▶ [Try it] Please transcribe the data that follows exactly, from its first line through the line that contains "Appartamento bilocale in".

▶ [Data supplied]
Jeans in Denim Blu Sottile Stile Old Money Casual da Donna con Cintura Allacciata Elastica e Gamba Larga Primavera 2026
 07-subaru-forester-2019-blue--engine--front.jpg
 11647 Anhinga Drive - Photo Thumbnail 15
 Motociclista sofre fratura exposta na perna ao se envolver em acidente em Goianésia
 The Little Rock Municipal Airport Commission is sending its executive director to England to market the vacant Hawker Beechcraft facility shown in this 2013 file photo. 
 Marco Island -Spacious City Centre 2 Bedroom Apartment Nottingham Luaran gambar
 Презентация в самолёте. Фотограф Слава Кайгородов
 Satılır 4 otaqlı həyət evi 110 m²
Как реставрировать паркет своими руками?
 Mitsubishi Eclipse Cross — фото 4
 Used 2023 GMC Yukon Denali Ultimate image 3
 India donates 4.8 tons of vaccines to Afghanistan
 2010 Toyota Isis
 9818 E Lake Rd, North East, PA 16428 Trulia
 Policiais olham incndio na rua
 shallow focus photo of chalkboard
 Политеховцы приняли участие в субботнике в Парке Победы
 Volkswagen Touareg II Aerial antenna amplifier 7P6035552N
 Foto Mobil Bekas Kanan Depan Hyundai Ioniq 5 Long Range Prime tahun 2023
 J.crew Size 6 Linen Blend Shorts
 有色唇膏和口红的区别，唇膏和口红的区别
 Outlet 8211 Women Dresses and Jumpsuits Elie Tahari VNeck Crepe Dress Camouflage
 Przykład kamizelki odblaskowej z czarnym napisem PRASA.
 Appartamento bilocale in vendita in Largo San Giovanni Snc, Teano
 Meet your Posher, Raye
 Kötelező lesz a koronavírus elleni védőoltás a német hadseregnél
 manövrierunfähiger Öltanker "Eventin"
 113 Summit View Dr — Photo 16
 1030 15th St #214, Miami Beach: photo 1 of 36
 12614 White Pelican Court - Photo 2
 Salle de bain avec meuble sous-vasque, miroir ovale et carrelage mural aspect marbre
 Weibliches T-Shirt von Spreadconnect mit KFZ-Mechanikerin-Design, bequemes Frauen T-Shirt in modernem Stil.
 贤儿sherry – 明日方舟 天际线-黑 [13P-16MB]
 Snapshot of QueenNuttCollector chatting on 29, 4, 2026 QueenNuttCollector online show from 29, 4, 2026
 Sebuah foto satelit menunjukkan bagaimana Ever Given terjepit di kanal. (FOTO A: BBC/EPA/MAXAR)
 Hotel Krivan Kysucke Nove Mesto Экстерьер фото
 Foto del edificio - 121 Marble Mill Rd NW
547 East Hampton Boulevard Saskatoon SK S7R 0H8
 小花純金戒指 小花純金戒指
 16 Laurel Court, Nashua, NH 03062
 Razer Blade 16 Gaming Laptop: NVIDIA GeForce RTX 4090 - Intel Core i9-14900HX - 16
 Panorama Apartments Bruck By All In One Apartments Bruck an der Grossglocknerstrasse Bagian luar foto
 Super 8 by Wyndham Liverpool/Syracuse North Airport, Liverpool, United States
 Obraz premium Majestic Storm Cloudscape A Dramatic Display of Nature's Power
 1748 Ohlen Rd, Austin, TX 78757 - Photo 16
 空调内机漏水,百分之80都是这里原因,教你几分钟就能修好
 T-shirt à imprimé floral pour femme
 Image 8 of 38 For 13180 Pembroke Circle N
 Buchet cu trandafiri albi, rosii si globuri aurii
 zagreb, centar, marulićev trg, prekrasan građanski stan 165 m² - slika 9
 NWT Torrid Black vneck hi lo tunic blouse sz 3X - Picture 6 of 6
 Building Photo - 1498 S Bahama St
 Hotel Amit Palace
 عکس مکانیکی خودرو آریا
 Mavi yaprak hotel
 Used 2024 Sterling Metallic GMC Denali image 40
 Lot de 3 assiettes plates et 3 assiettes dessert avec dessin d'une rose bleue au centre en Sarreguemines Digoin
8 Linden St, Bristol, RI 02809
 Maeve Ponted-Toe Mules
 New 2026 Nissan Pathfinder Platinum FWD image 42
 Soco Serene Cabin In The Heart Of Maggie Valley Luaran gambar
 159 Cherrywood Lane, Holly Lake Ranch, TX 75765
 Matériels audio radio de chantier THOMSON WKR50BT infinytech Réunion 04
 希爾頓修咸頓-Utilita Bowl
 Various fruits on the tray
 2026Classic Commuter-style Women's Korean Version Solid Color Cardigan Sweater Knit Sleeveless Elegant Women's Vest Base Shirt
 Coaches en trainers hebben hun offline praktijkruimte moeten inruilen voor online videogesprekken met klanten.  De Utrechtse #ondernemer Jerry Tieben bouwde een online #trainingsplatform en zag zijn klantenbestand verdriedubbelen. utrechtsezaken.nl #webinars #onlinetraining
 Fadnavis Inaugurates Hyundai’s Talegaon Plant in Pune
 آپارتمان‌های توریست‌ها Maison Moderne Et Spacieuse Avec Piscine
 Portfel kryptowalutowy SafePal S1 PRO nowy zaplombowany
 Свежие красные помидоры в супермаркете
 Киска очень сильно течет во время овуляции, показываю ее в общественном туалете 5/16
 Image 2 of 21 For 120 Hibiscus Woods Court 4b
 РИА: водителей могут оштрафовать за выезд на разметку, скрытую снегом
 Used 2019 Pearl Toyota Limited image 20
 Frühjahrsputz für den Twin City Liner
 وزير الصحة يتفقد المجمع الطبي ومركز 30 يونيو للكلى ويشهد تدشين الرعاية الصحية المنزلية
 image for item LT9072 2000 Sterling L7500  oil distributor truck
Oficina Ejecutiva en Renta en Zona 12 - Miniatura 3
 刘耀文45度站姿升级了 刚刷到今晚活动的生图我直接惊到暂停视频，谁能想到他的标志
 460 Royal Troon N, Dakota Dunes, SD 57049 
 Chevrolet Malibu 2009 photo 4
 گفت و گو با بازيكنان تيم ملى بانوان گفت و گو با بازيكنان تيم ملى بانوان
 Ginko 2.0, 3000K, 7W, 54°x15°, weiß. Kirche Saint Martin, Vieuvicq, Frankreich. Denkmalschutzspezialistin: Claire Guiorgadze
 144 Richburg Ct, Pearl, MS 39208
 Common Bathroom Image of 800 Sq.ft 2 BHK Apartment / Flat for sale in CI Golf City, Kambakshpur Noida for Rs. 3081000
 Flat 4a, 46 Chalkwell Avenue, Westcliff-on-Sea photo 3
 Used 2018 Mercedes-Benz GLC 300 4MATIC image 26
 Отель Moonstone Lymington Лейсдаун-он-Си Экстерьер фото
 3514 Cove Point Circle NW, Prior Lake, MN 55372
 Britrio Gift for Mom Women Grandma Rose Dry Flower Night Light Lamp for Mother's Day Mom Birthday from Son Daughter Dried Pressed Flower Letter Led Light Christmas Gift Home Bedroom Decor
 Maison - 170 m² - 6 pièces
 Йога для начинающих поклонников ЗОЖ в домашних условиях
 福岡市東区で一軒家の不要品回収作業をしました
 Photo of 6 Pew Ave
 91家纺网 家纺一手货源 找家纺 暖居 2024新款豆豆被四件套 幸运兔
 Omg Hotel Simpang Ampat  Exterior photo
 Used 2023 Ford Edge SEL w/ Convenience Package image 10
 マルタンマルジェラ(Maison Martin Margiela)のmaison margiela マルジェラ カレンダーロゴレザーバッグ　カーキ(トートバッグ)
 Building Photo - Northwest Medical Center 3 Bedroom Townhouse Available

▶ [Solution for this task]
Jeans in Denim Blu Sottile Stile Old Money Casual da Donna con Cintura Allacciata Elastica e Gamba Larga Primavera 2026
 07-subaru-forester-2019-blue--engine--front.jpg
 11647 Anhinga Drive - Photo Thumbnail 15
 Motociclista sofre fratura exposta na perna ao se envolver em acidente em Goianésia
 The Little Rock Municipal Airport Commission is sending its executive director to England to market the vacant Hawker Beechcraft facility shown in this 2013 file photo. 
 Marco Island -Spacious City Centre 2 Bedroom Apartment Nottingham Luaran gambar
 Презентация в самолёте. Фотограф Слава Кайгородов
 Satılır 4 otaqlı həyət evi 110 m²
Как реставрировать паркет своими руками?
 Mitsubishi Eclipse Cross — фото 4
 Used 2023 GMC Yukon Denali Ultimate image 3
 India donates 4.8 tons of vaccines to Afghanistan
 2010 Toyota Isis
 9818 E Lake Rd, North East, PA 16428 Trulia
 Policiais olham incndio na rua
 shallow focus photo of chalkboard
 Политеховцы приняли участие в субботнике в Парке Победы
 Volkswagen Touareg II Aerial antenna amplifier 7P6035552N
 Foto Mobil Bekas Kanan Depan Hyundai Ioniq 5 Long Range Prime tahun 2023
 J.crew Size 6 Linen Blend Shorts
 有色唇膏和口红的区别，唇膏和口红的区别
 Outlet 8211 Women Dresses and Jumpsuits Elie Tahari VNeck Crepe Dress Camouflage
 Przykład kamizelki odblaskowej z czarnym napisem PRASA.
 Appartamento bilocale in vendita in Largo San Giovanni Snc, Teano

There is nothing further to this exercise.